Ted Nesser

Profile
- Positions: Center, Guard, Tackle

Personal information
- Born: April 5, 1883 Dennison, Ohio, U.S.
- Died: June 7, 1941 (aged 58) Columbus, Ohio, U.S.
- Height: 5 ft 10 in (1.78 m)
- Weight: 230 lb (104 kg)

Career information
- College: None

Career history

Playing
- 1904: Columbus Panhandles
- 1904: Shelby Blues
- 1904–1906: Massillon Tigers
- 1913: Akron Indians
- 1914: Canton Professionals
- 1907–1921: Columbus Panhandles

Coaching
- 1920–1921: Columbus Panhandles
- Coaching profile at Pro Football Reference

= Ted Nesser =

American football player and coach (1883–1941)

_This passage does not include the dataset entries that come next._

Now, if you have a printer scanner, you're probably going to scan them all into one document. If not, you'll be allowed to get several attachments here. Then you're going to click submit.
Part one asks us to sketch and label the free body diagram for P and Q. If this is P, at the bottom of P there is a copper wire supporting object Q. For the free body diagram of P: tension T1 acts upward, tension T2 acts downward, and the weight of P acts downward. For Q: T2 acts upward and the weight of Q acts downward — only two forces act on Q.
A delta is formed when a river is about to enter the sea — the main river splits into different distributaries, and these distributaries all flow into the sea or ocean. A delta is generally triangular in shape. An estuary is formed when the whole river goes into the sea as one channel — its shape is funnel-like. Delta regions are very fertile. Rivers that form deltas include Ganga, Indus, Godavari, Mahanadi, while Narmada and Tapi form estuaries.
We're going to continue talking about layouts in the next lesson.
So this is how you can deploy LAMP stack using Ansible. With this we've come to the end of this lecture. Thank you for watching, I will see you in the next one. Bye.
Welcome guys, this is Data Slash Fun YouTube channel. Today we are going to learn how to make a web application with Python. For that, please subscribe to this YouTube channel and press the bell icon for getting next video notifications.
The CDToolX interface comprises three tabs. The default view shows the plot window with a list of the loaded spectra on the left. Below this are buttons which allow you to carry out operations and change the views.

Theodore Nesser Jr. (April 5, 1883 – June 7, 1941) was a professional football player-coach in the "Ohio League" and the early National Football League (NFL). During his professional football career, he played for the Columbus Panhandles, Massillon Tigers, Akron Indians, Canton Bulldogs and Shelby Blues.

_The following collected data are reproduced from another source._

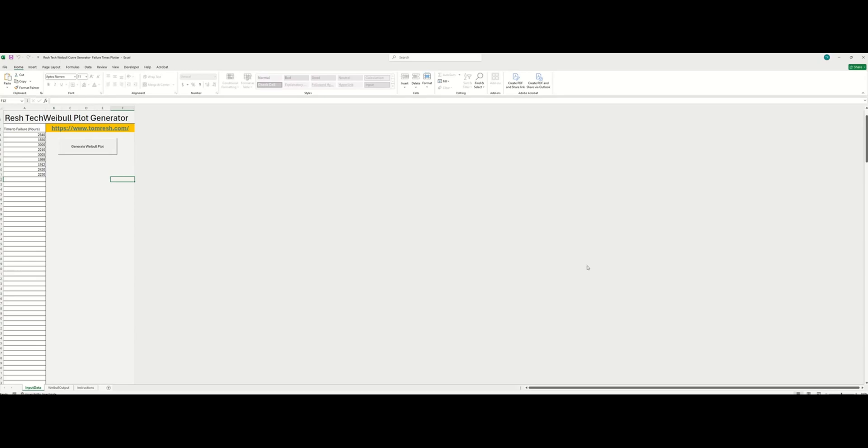Hey guys, it's your favorite reliability test guy here with another awesome video. Today I'm going to be demonstrating the ReshTech Weibull Plot Generator.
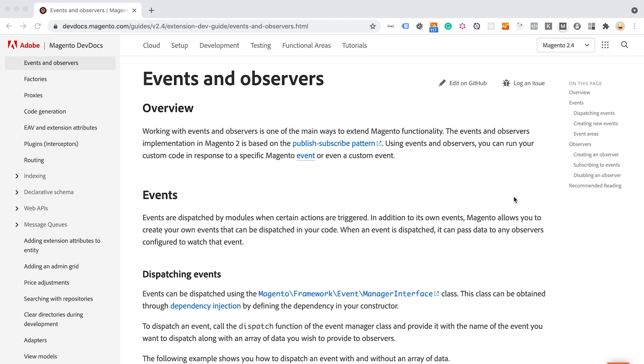In this lesson, we are going to talk about events and observers. This is a second way how we can extend or customize our Magento 2 application.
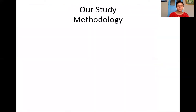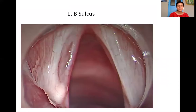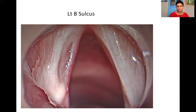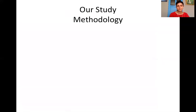Here, however, is a sulcus which would be classified as a left type B sulcus because the length is more than 50% of the vocal fold and the depth is into the ligament.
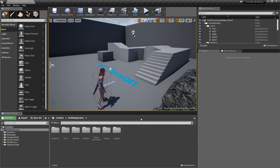We are actually done with all of the features in Fortnite. However in this video I just want to show you how quickly and easily you can add additional content and expand your system. The first thing we'll do is add a custom resource that doesn't exist in Fortnite, which will be ice.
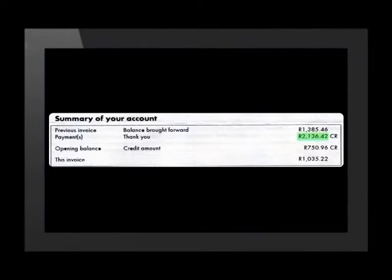The balance brought forward from the previous invoice was 1,385 rand 46 cents. The next line on the account shows that the customer had paid an amount of 2,136 rand 42 cents. Notice that the letters CR appear after the amount. This means that the telephone account has been credited or paid with that amount. On this account, the amounts having no code behind them are debits, meaning that the customer is still in debt with the telephone company. The abbreviation for this is the letters DT.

Ted Nesser, at left, and his brothers comprised the core of the 1921 Columbus Panhandles team.

He was also a member of the Nesser Brothers, a group consisting of seven brothers who made-up the most famous football family in the United States from 1907 until the mid-1920s. Ted was the first Nesser to make money at football, playing for Massillon's state championship teams in 1904, 1905 and 1906.

Ted was considered the toughest of the Nesser brothers. In 1906, he reputedly ended the career of Willie Heston, a former Michigan All-American, with a hard tackle in a Massillon Tigers-Canton Bulldogs game. In 1908, Ted reputedly stayed for a game with two broken bones protruding from an arm, just because he thought that his brothers needed him. Nesser was also reported to have had broken his nose at least eight times.

He was also considered a football genius and is credited with originating several plays including the triple pass, the criss-cross and the short kickoff. These plays became popular in the college game of that day.

None of the Nesser brothers attended college. However, in 1909, Texas A&M coach Charley Moran, fearing a loss to Texas, offered to pay Ted for his help. Even though Ted had never finished high school, he wore a freshman beanie on campus and suited up for the game. The Aggies never trailed, so Ted never got in, but Moran paid him $200 afterward for his trouble.

Ted's son Charlie also played briefly for the Panhandles in 1921. This is marked as the only father-son combination to play together in NFL history.

In 2015, the Professional Football Researchers Association named Nesser to the PRFA Hall of Very Good Class of 2015.